── PROVIDED DATA ──

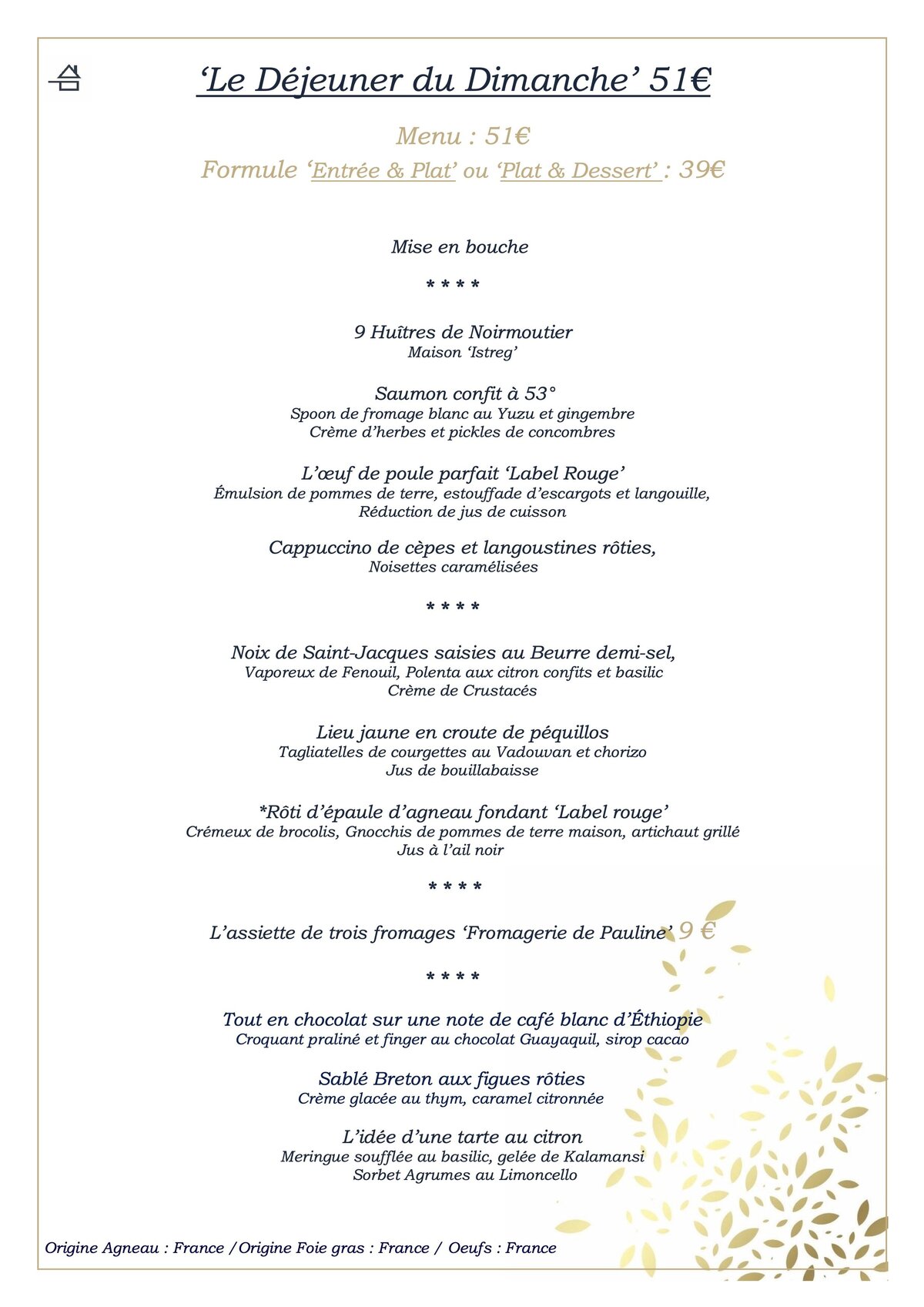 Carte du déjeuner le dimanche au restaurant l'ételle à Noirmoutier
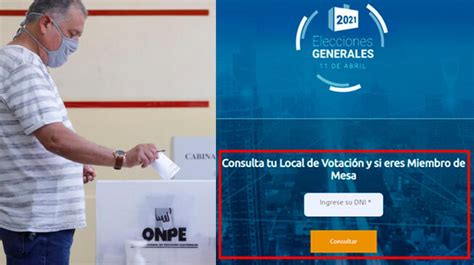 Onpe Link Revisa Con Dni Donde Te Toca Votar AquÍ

───
── PROVIDED DATA ──

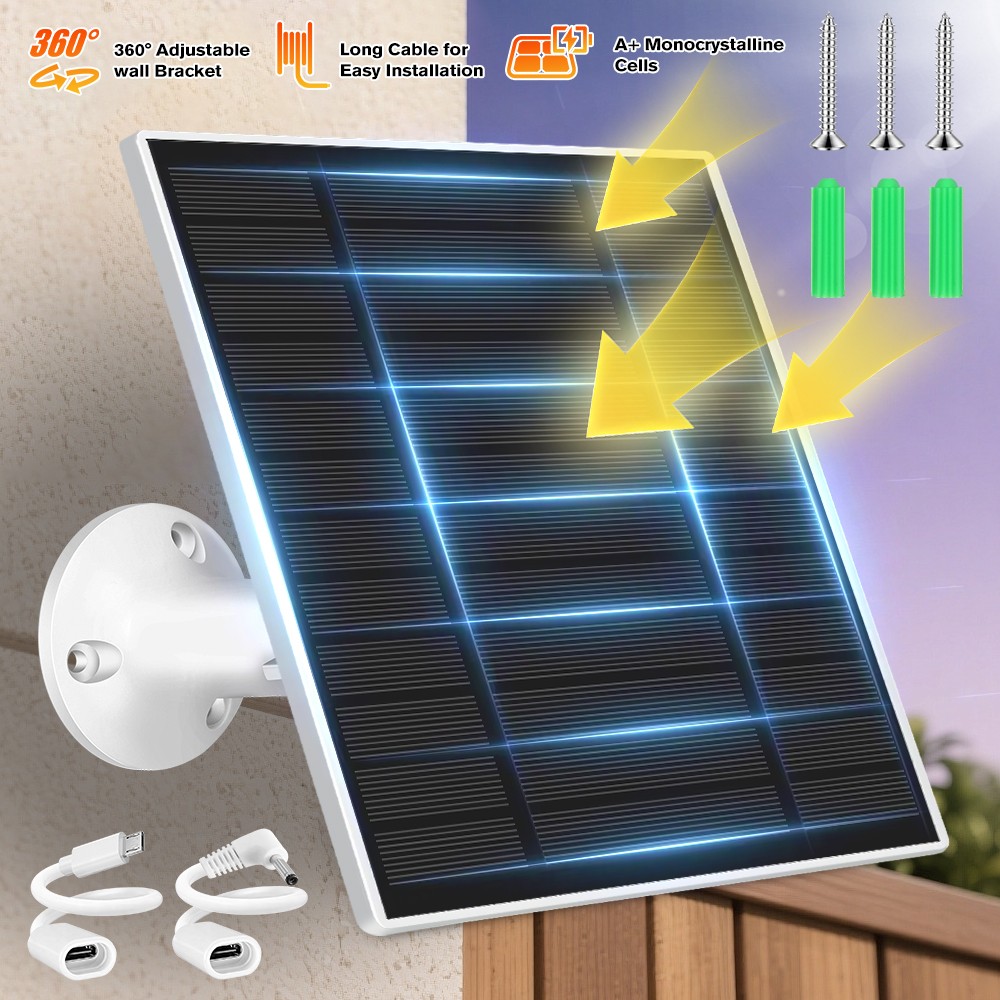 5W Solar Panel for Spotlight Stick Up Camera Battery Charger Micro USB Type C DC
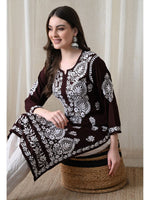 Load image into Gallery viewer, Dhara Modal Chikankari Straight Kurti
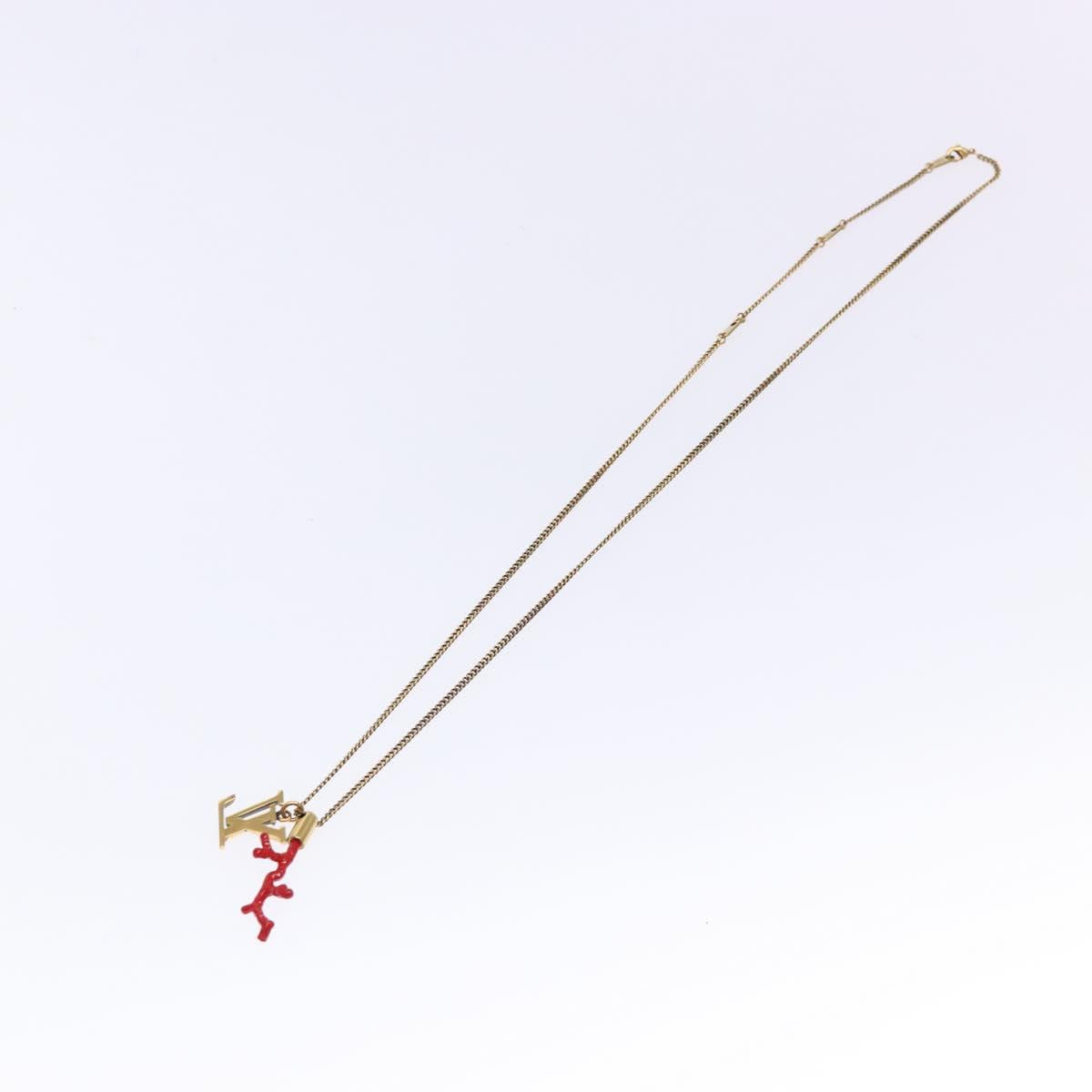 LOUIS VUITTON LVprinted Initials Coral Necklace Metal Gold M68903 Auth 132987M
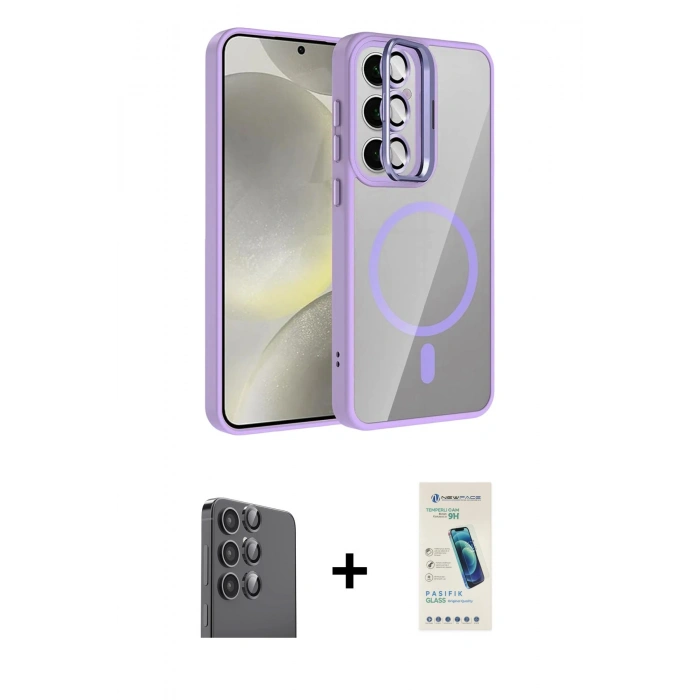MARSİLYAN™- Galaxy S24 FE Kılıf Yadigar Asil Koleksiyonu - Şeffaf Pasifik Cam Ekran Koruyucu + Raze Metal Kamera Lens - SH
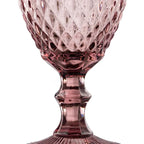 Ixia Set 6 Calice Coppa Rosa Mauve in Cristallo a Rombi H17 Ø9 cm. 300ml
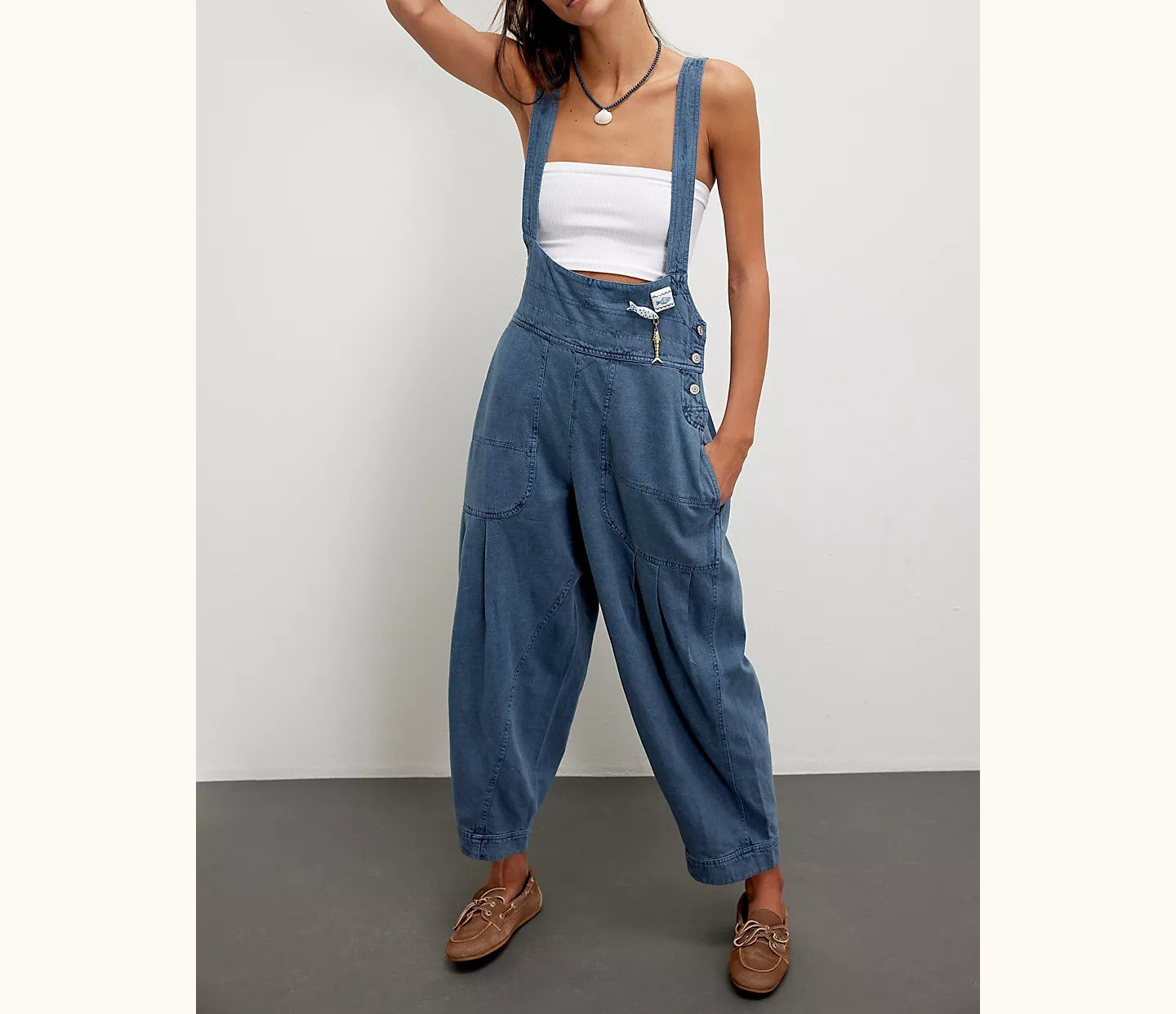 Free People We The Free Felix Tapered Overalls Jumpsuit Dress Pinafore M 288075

───

**WHAT IS BEING ASKED:** Leave the pictures out, and transcribe exactly the lines above starting at the one that contains "Ixia Set 6 Calice" and ending at the one that contains "Free People We".

**OUTPUT:**
 Ixia Set 6 Calice Coppa Rosa Mauve in Cristallo a Rombi H17 Ø9 cm. 300ml
 Free People We The Free Felix Tapered Overalls Jumpsuit Dress Pinafore M 288075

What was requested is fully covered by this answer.